Reading Matter
Books On the Side
Books In Brief
Extras

Reviewing the Book Review

About this feature

May 2010

What would a review of The New York Times Book Review look like? Having covered hundreds of issues over five years, I've picked up a few notions.

First of all, a review of the Book Review must evaluate the individual reviews. Are they helpful? Presumably, book reviews are, among other things, guides to would-be readers who are asking themselves, "Shall I get this book and read it?"

Second, it ought to judge whether a given book merits coverage in what is effectively the American Book Review of Record.

Finally, it must be brief.

I

A few words about the first two points. I've come to believe that bad - unfavorable - reviews are all but useless, and they often seem to reflect poor choices by assigning editors.

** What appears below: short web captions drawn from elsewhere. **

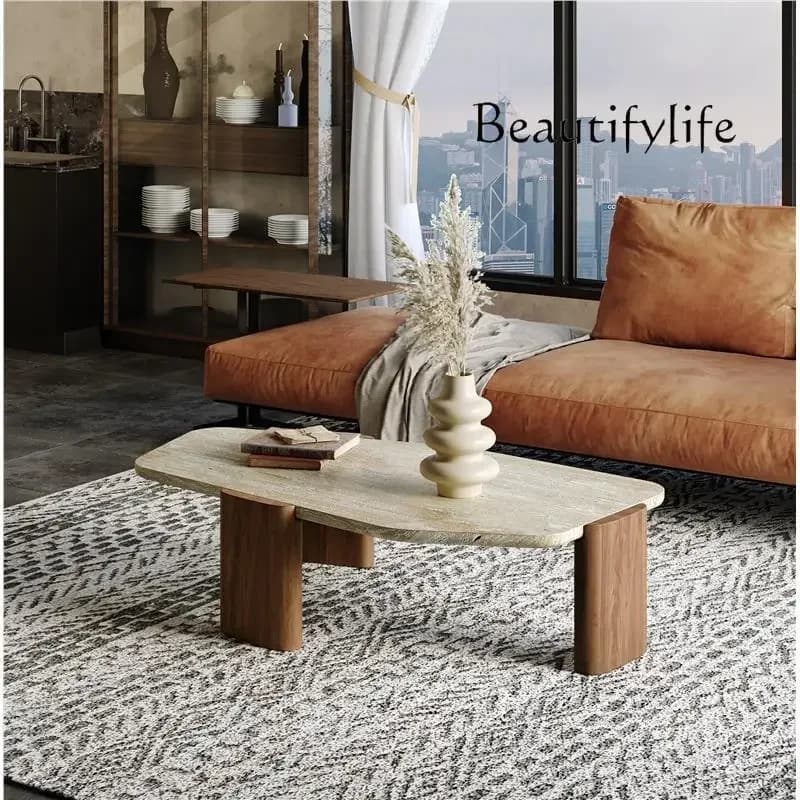 M Tea Table Household Stone Wind Tunnel Creative Solid Wood Simple Small Apartment Small Table Coffee Table Modern Special Shape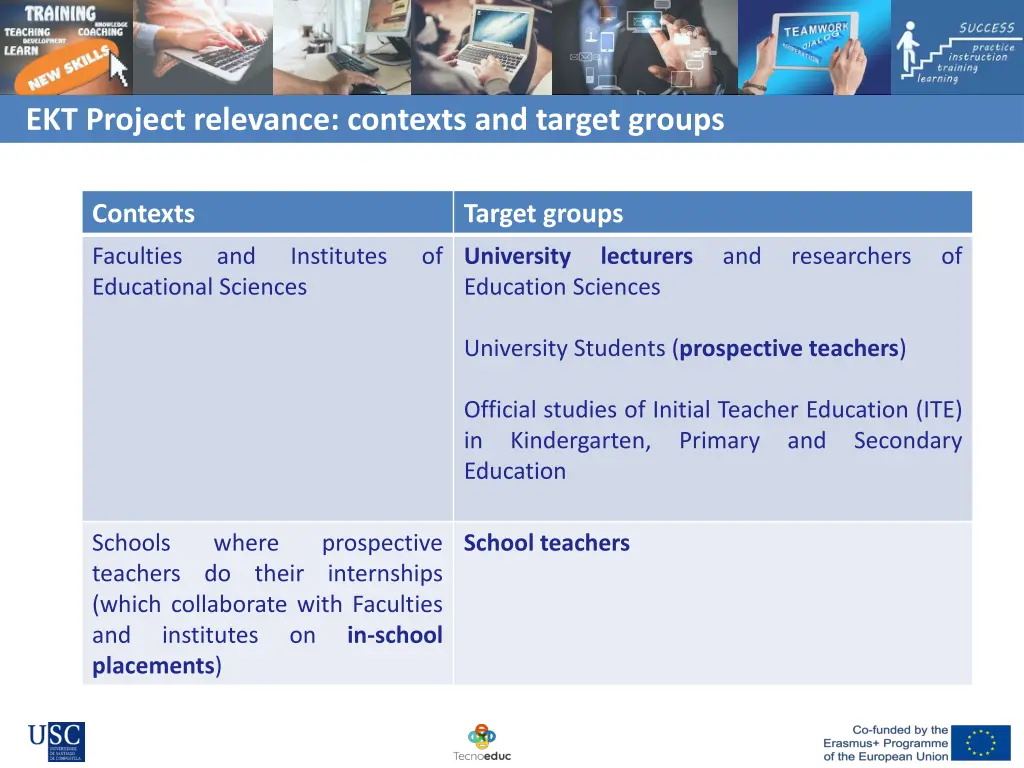 ekt project relevance contexts and target groups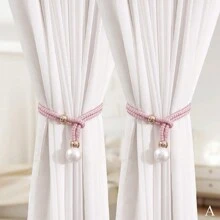2pcs Baby Nursery Curtain Tie Backs, Adjustable Pearled Curtain Hooks For Living Room, Balcony Curtains, No Drilling Required - Multicolor - View 3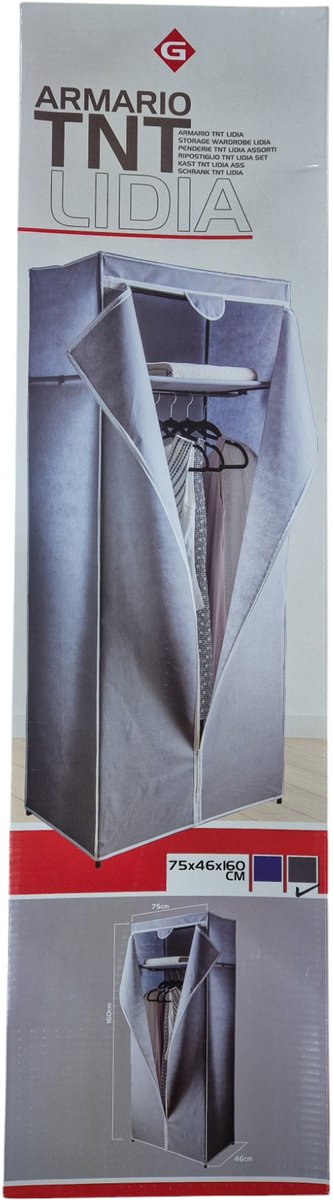 Gerimport Mobiele Kledingkast - opvouwbaar - 75 x 46 x 160 cm - bruin - opberger van Gerimport — afbeelding 2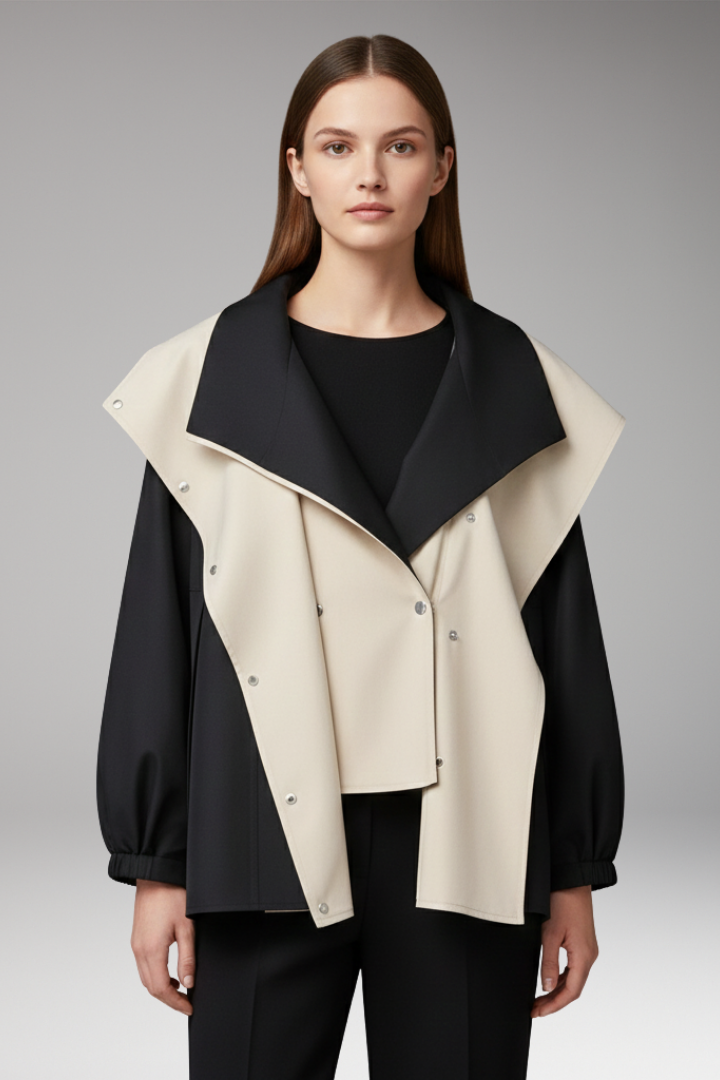 Women’s Jacket with Layered Hood and Drawstring Cuffs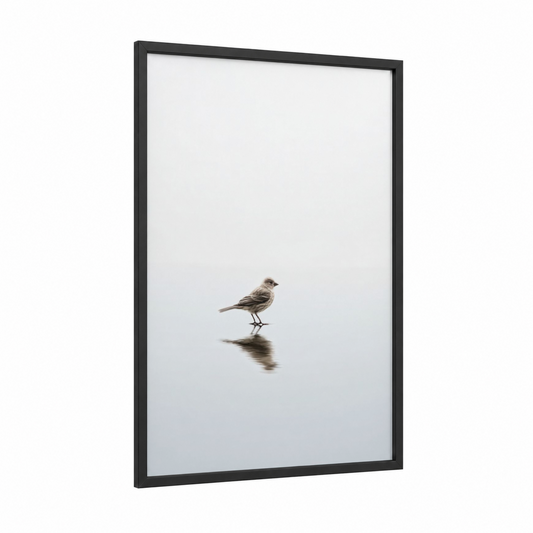 Solitary Finch framed art print — black wood frame — gray and white palette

Bad reviews can be very funny, but that doesn't make them good reviews. In the end, nobody benefits from the unsympathetic review.

The sympathetic review, in contrast, always makes it clear to each and every reader that he or she would or would not like the book under review. A reviewer who waxes ecstatic about a subject that I find tedious does me a big favor. The reviewer who tells me that I'll be bored is doing my thinking for me, and I don't like that.

I've also discovered a vice that seems peculiar to reviewers. Reviewers are not reporters. It is not their job to read a book and then to tell us what happens in it. They are supposed to judge the book's literary qualities. What's the writing like? Does the author have a sense of humor? And they ought to support their judgments with abundant quotation. Instead, many of them indulge in a vice that I call "storytelling" (with the admittedly awkward-at-first verbal form, "to storytell"). Storytelling is the elementary school book report. It "proves" that the book has been read.

Useful as such a teaching tool is, it is quite out of place in the adult setting of the Book Review, because its principal effect is to eclipse the book. I'm not so much interested in what the reviewer got out of book as I am eager to learn something about the book. That is not necessarily the same thing at all.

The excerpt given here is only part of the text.